SELECT DISTINCT SPJ.jnum

FROM SPJ, (SELECT snum, jnum

FROM SUPPLIER, JOB

WHERE NOT (SUPPLIER.CITY = JOB.CITY)) R

WHERE spj.jnum = r.jnum;

Result:

JNUM

---

J1

J2

J3

J4

J5

J6

J7

--Q2b: b.Print the projects that are not supplied with any red part by any London supplier.

SELECT DISTINCT SPJ.jnum

FROM SPJ

WHERE SPJ.jnum NOT IN

(SELECT DISTINCT jnum

FROM SPJ,

(SELECT * FROM SUPPLIER WHERE (SUPPLIER.city = 'London')) R1,

(SELECT * FROM PART WHERE (PART.color = 'Red')) R2

WHERE

R2.city = R1.city and SPJ.snum = R1.snum and SPJ.pnum = R2.pnum) ;

or

SELECT DISTINCT SPJ.jnum

FROM SPJ

MINUS

SELECT DISTINCT jnum

FROM SPJ,

(SELECT * FROM SUPPLIER WHERE (SUPPLIER.city = 'London')) R1,

(SELECT * FROM PART WHERE (PART.color = 'Red')) R2

WHERE

R2.city = R1.city and SPJ.snum = R1.snum and SPJ.pnum = R2.pnum ;

Result:

JNUM

---

J2

J5

J6

-- Q2c Print the parts that are supplied to all projects in London

SELECT pnum-- set 1, all shipments

FROM SPJ

MINUS

SELECT DISTINCT T1.pnum -- set 2, parts not supplied to London

FROM

(SELECT DISTINCT SPJ.pnum, JOB.jnum -- set 3, parts used by London projects

FROM SPJ, JOB

WHERE JOB.city = 'London'

MINUS

SELECT DISTINCT pnum, jnum FROM SPJ) T1;-- set 4, all parts and projects -- that get shipment

Result:

PNUM

---

P3

P5

-- Q2d. d.For each part being supplied to a project, print the part number, the project number, and the corresponding total quantity.

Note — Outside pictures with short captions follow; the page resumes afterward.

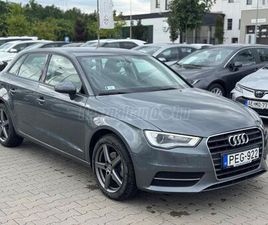 AUDI A3 SPORTBACK AUDI A3 SPORTBACK 1.6 TDI AMBITION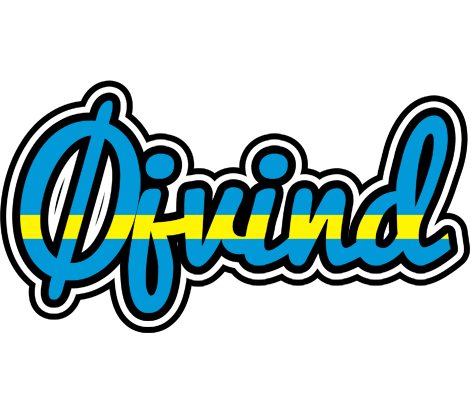 Øjvind sweden logo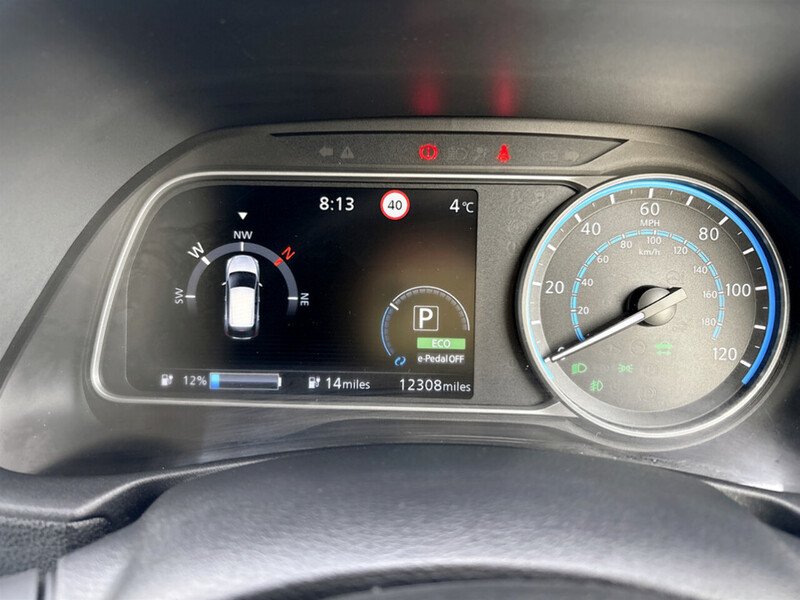 Used Nissan Leaf 2023 for sale - 77565833: Photo 32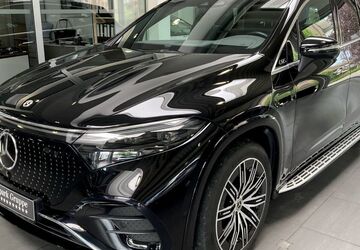 Mercedes-Benz EQS SUV 37.918 km 83.980 &euro; Oelde 59302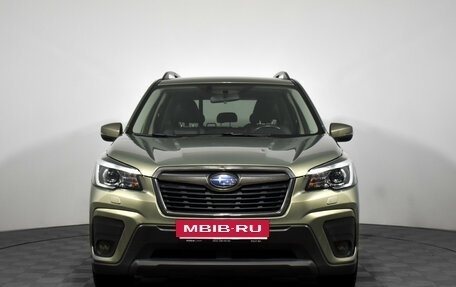 Subaru Forester, 2018 год, 2 490 000 рублей, 2 фотография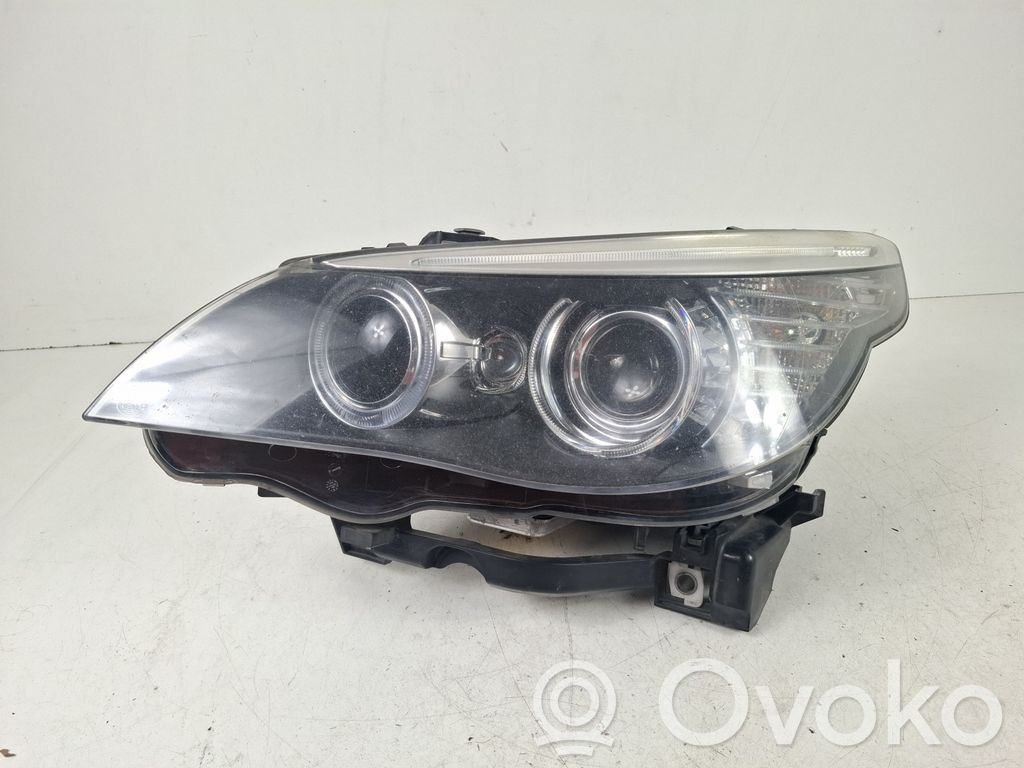 BMW 5 E60 E61 Headlight/headlamp 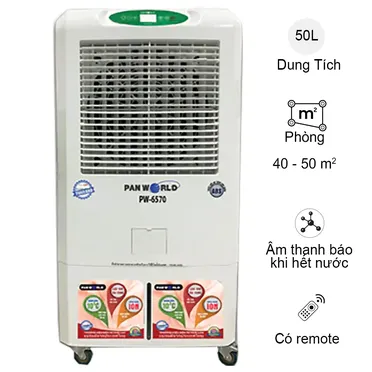 Máy làm mát không khí Panworld PW-6570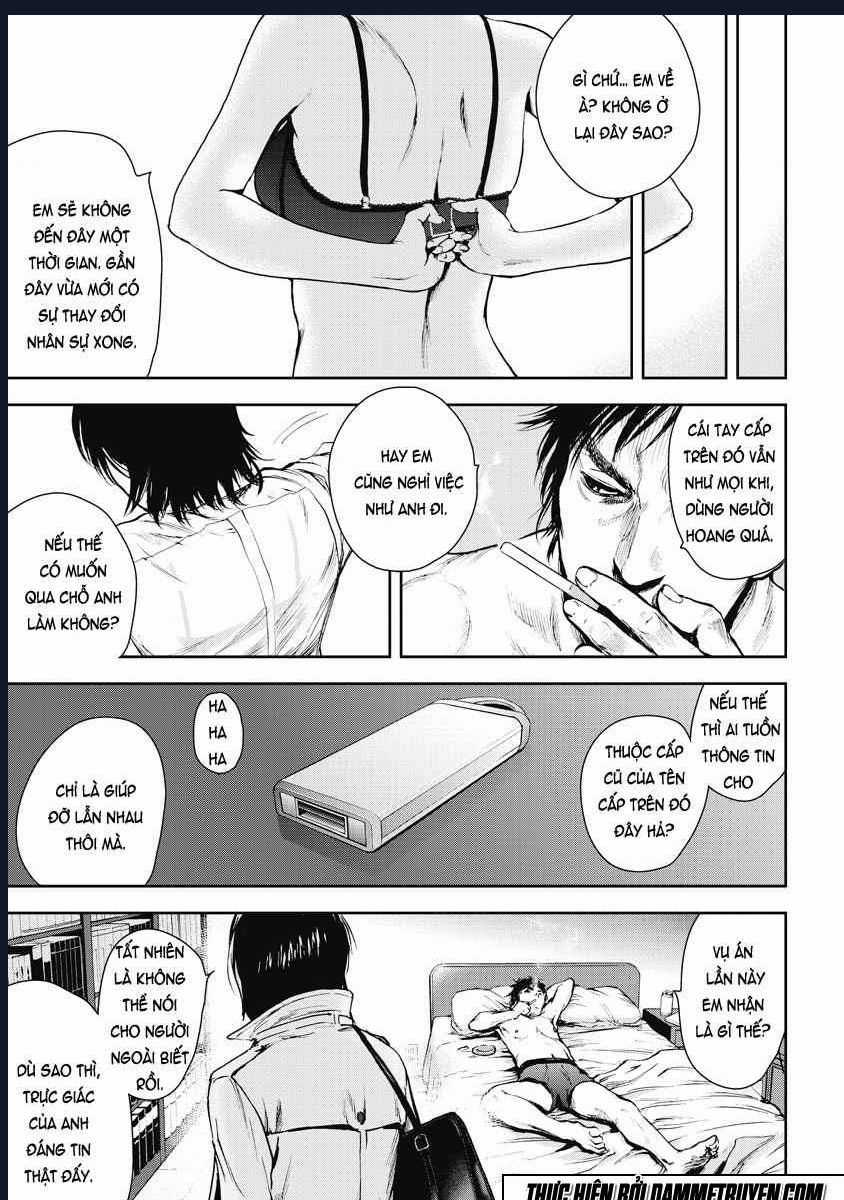 Gift Plus Minus - Chapter 8 - Trang 4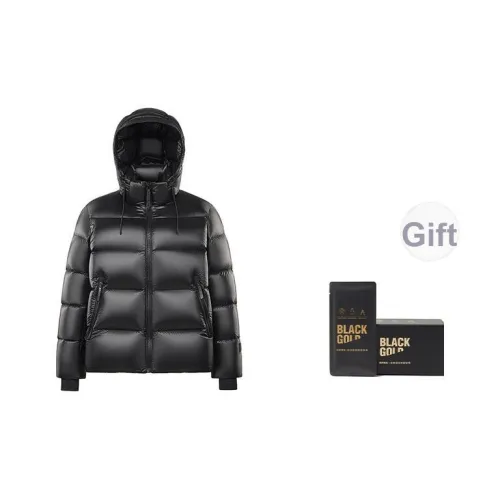 GOLDFARM Унисекс Пуховики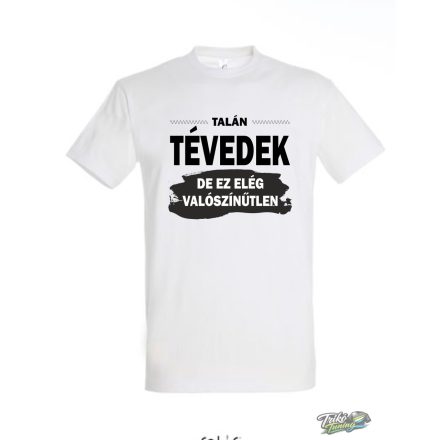 TALAN TEVEDEK ferfi fehér
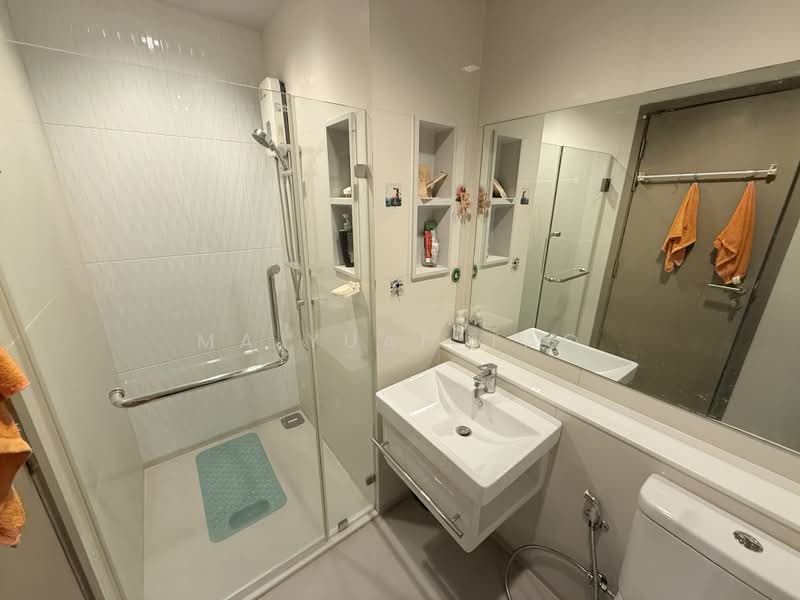 Life Asoke-Rama 9, Bangkok, 626 Asoke-Dindaeng Road, Makkasan, Ratchathewi, Bangkok, 2 Bedrooms, 58 sqm, Condo For Rent, by Ma yuan Tao, 500407571 - DDproperty.com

SELECT pnum, jnum, SUM(qty)

FROM SPJ

GROUP BY pnum, jnum;

Result:

PNUMJNUM SUM(QTY)

------

P1 J1 200

P1 J4 800

P2 J2 200

P2 J4 100

P3 J1 600

P3 J2 200

P3 J3 200

P3 J4 700

P3 J5 600

P3 J6 400

P3 J7 800

PNU JNU SUM(QTY)

------

P4 J2 500

P4 J4 800

P5 J2 100

P5 J4 400

P5 J5 500

P5 J7 100

P6 J2 200

P6 J3 300

P6 J4 500

P6 J7 300

21 rows selected.

-- Q2e. For each supplier, print the total number of parts being supplied to all projects.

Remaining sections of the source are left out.